AIM OF THE EXERCISE => The material below includes pictures; leave them out and return only the lines between the line containing "IsaacItungo's tweet image." and the line containing "浴血黑帮 第六季在线看", inclusive, word for word.

SUPPLIED RECORDS =>
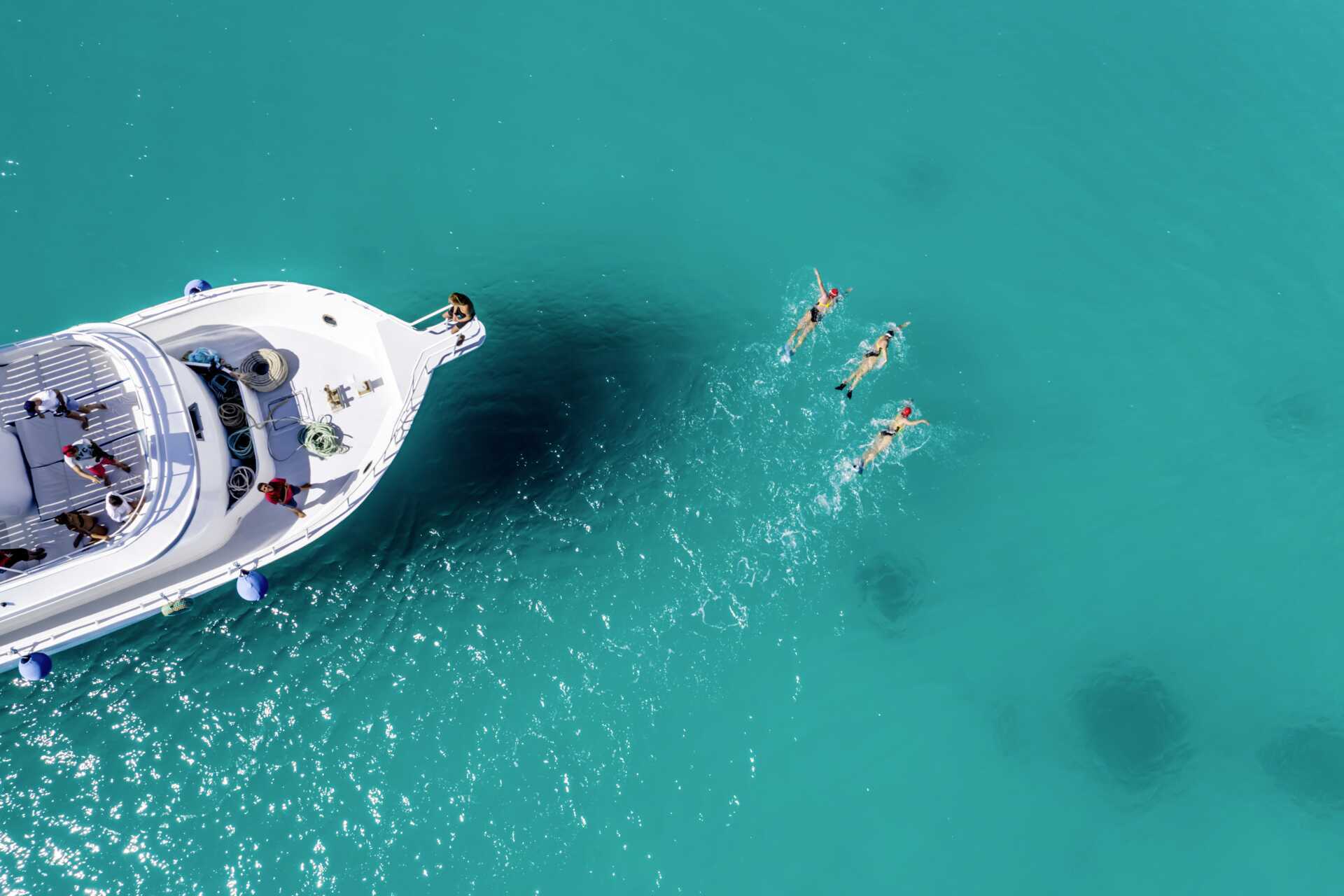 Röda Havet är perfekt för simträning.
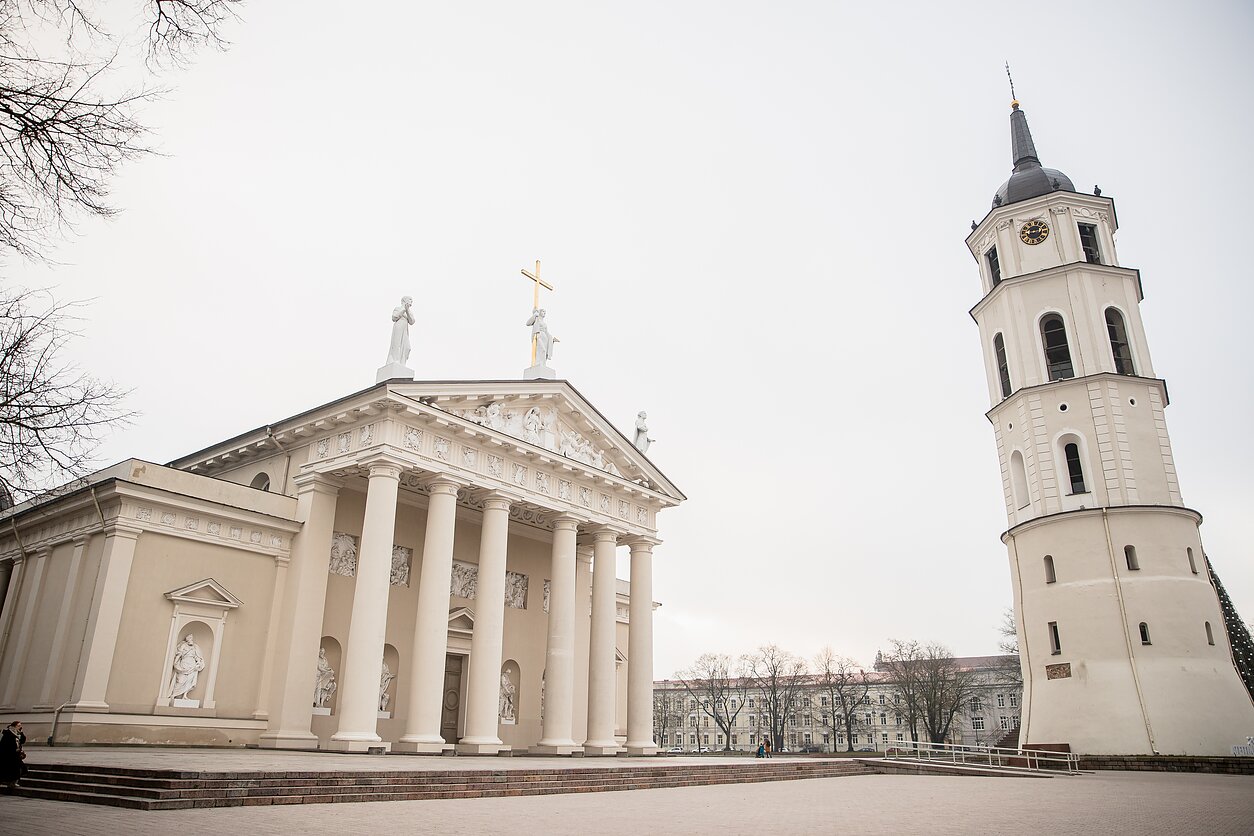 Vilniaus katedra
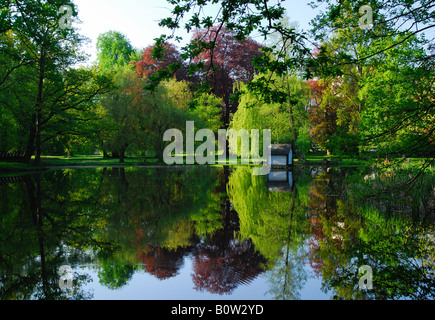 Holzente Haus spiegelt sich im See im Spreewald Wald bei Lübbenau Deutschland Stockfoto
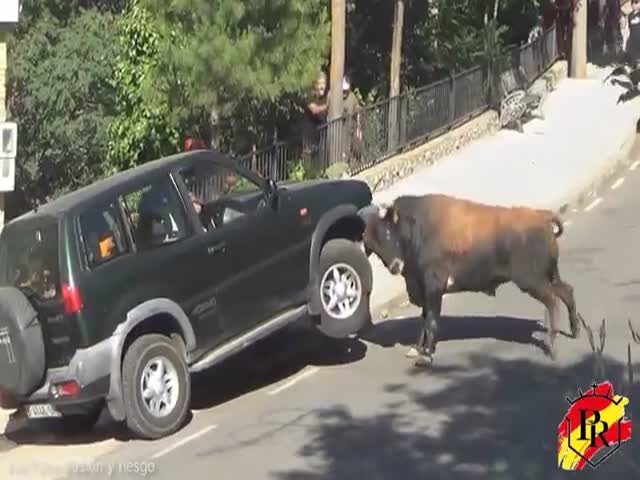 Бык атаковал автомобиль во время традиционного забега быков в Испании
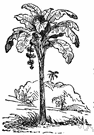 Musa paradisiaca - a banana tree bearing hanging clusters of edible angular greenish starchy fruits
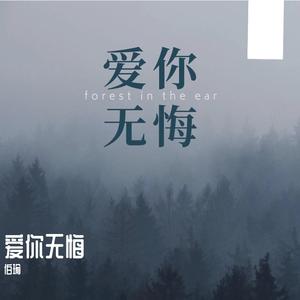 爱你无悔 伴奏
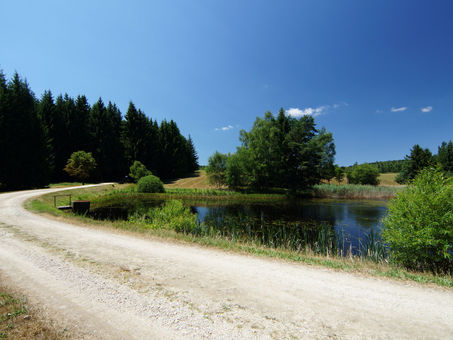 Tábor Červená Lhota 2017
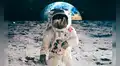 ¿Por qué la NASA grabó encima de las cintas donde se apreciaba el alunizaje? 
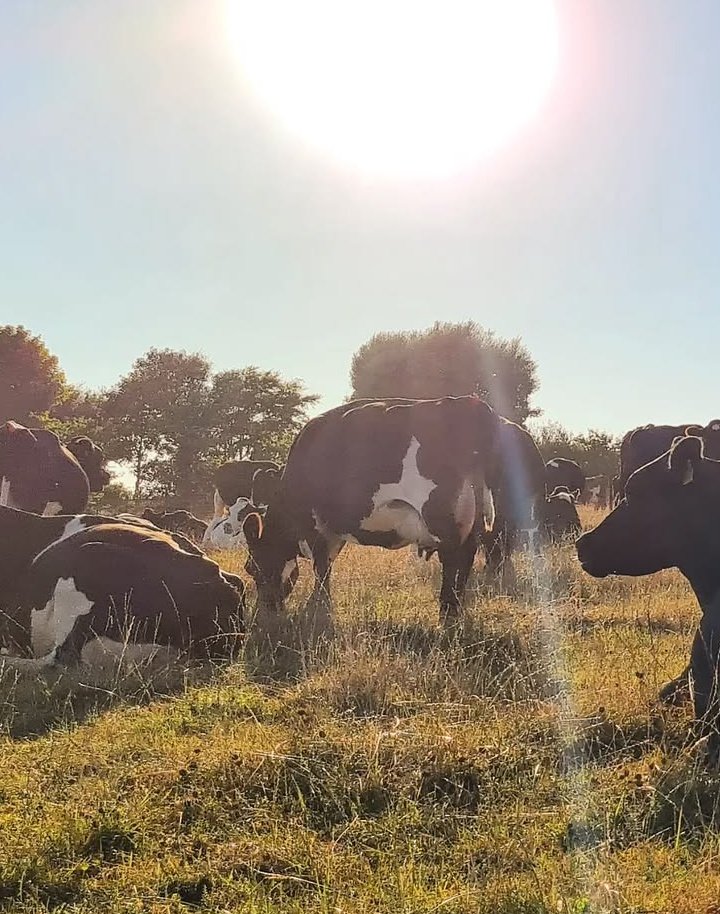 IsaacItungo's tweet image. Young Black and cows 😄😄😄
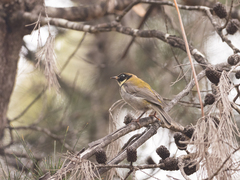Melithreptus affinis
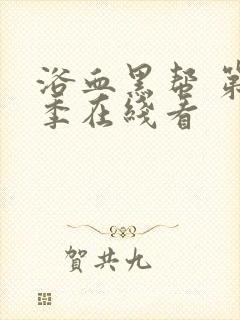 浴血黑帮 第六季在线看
* * *
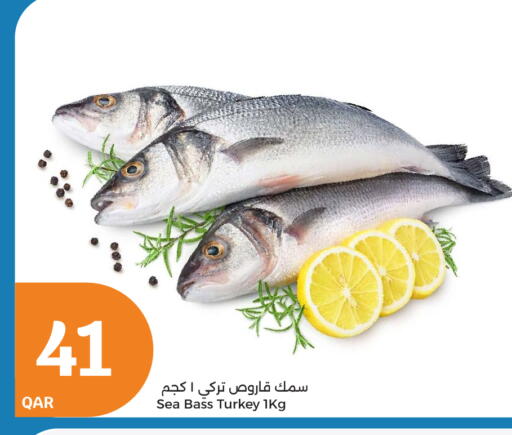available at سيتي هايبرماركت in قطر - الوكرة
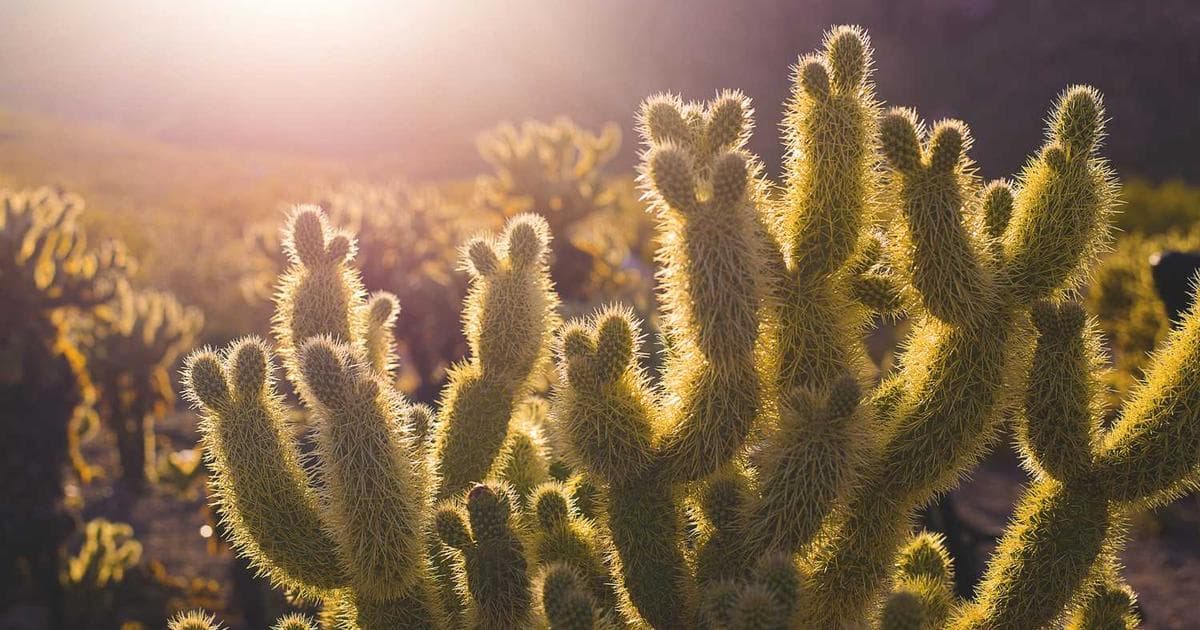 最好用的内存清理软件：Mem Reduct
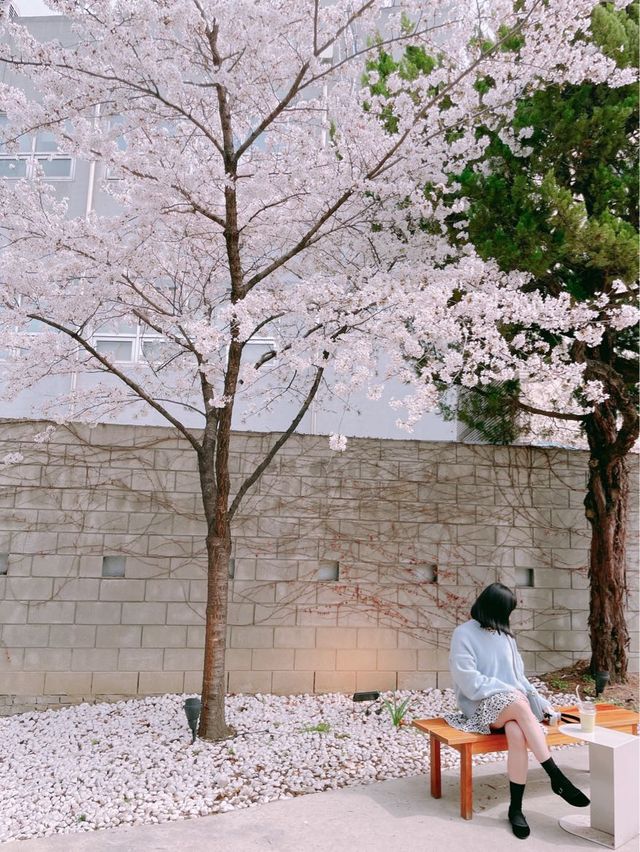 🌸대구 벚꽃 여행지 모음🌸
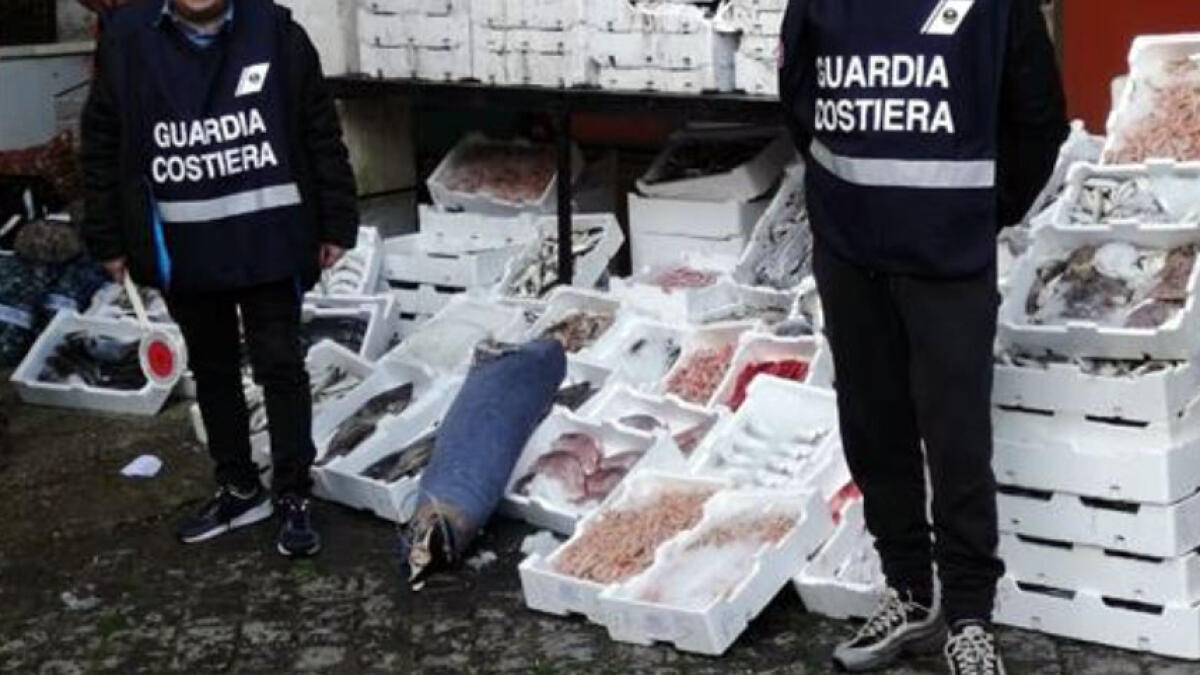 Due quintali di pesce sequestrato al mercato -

ANSWER FOR THE TASK =>
 IsaacItungo's tweet image. Young Black and cows 😄😄😄
Melithreptus affinis
 浴血黑帮 第六季在线看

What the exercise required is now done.